Meine Wins of the week aus dem Bereich Persönlichkeitsentwicklung

  • Klar kommunizieren, wenn ich etwas nicht will, ist erlaubt. Leute sind nicht sauer und akzeptieren höfliche Grenzen
  • Konfrontationen lösen immer Schuld und Scham und die Angst aus, nicht mehr gemocht zu werden – selbst bei Fremden und Personen, die ich nicht mag
  • Schwierige Gefühle zulassen, durchfühlen, beobachten ist viel effektiver als sie wegzudrücken oder mir selbst einen Tschakka-Schubs zu verpassen.
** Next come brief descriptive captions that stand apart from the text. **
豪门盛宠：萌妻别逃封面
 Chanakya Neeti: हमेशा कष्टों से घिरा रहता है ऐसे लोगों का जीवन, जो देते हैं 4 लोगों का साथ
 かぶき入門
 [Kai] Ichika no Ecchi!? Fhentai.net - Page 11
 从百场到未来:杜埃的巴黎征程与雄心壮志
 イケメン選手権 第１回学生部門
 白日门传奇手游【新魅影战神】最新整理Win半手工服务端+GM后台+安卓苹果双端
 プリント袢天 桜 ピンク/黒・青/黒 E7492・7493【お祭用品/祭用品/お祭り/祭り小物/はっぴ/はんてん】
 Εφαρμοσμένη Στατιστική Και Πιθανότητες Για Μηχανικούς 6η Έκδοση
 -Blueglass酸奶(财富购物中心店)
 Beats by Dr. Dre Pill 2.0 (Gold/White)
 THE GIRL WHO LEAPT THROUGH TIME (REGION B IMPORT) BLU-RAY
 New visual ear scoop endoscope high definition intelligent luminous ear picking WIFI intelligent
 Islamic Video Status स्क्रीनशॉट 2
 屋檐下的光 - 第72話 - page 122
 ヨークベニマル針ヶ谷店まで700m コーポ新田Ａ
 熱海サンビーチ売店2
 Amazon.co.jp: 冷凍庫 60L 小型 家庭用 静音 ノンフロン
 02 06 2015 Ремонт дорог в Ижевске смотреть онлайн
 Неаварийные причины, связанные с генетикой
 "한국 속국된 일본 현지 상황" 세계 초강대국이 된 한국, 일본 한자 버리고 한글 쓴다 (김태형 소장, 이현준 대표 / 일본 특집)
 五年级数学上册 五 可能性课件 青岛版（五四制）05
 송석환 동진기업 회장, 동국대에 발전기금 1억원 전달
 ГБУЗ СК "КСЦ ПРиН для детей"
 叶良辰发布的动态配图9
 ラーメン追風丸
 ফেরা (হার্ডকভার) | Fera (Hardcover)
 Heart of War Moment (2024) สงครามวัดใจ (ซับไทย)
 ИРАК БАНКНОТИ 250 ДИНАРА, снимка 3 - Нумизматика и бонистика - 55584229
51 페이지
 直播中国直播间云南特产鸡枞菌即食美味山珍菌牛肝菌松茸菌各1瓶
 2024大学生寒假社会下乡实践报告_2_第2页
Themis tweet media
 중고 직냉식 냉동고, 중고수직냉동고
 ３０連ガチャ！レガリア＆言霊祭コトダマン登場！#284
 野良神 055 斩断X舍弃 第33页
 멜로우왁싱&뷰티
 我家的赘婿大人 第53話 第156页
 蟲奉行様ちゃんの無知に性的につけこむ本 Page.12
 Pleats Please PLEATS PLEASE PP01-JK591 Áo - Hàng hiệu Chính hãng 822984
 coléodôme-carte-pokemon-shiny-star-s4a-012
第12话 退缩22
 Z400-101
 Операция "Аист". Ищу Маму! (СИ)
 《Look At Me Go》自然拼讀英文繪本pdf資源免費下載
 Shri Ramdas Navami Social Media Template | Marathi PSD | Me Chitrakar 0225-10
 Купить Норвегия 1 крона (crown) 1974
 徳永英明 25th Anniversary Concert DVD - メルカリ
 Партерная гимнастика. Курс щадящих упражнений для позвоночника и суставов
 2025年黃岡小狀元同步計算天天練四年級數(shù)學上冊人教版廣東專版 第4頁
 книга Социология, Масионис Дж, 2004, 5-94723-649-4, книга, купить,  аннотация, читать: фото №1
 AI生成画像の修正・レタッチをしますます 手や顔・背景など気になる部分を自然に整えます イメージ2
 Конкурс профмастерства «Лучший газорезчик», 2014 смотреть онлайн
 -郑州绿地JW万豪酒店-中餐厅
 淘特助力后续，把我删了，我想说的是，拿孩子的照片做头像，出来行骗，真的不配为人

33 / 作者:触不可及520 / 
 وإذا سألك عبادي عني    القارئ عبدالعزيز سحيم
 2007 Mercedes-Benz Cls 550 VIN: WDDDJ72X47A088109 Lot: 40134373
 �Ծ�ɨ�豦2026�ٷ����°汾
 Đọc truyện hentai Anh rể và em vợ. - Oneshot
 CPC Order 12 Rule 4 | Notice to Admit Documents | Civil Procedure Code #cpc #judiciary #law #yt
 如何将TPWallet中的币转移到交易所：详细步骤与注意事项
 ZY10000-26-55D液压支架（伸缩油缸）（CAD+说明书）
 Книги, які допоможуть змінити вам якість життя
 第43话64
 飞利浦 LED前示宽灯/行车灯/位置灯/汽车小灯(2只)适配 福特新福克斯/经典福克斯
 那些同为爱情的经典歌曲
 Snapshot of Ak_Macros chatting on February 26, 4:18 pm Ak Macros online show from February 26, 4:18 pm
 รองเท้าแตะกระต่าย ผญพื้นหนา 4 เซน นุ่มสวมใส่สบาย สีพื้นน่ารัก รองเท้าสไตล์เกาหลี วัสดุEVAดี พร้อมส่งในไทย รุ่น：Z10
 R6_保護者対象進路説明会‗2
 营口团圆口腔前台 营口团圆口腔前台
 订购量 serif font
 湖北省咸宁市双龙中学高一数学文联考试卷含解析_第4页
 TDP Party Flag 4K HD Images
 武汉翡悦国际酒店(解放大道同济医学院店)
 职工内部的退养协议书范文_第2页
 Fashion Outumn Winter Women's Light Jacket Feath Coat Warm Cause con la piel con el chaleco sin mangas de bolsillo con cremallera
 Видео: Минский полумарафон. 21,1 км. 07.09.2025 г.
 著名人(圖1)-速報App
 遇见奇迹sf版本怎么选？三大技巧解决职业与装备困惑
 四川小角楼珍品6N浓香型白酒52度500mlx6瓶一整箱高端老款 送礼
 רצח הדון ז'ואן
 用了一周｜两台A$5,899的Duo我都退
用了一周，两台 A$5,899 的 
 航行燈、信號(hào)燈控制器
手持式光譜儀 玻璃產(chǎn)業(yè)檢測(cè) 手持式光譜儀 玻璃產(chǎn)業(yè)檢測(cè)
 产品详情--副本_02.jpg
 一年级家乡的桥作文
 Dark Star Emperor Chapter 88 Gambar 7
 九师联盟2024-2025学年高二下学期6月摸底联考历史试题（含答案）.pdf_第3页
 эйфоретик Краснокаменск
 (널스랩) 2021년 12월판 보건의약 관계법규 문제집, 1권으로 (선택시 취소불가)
Die Gefühlen setzen sich nicht fest und werden verblüffend schnell von selbst leichter
  • Auf Fragen, die nach Angriff oder Kritik klingen, mit einer Nachfrage reagieren – deeskaliert und klärt mögliche Missverständnisse
  • Selbstfürsorge/-akzeptanz und Selbstoptimierung schließen sich nicht aus – wichtig ist, ob die Beurteilung von innen oder außen kommt
  • Schriftliche Reflexion in Echtzeit hilft mir, Gefühle besser zu prozessieren

Übrigens, diese 4 Kategorien habe ich nicht vorher festgelegt. Ich habe einfach alle Wins gesammelt und dann sortiert. Dabei stellte sich heraus, dass sie alle in eine dieser Kategorien passen (plus Kategorie „Beziehung/Ehe“, aber wie gesagt: zu privat, um das hier zu teilen).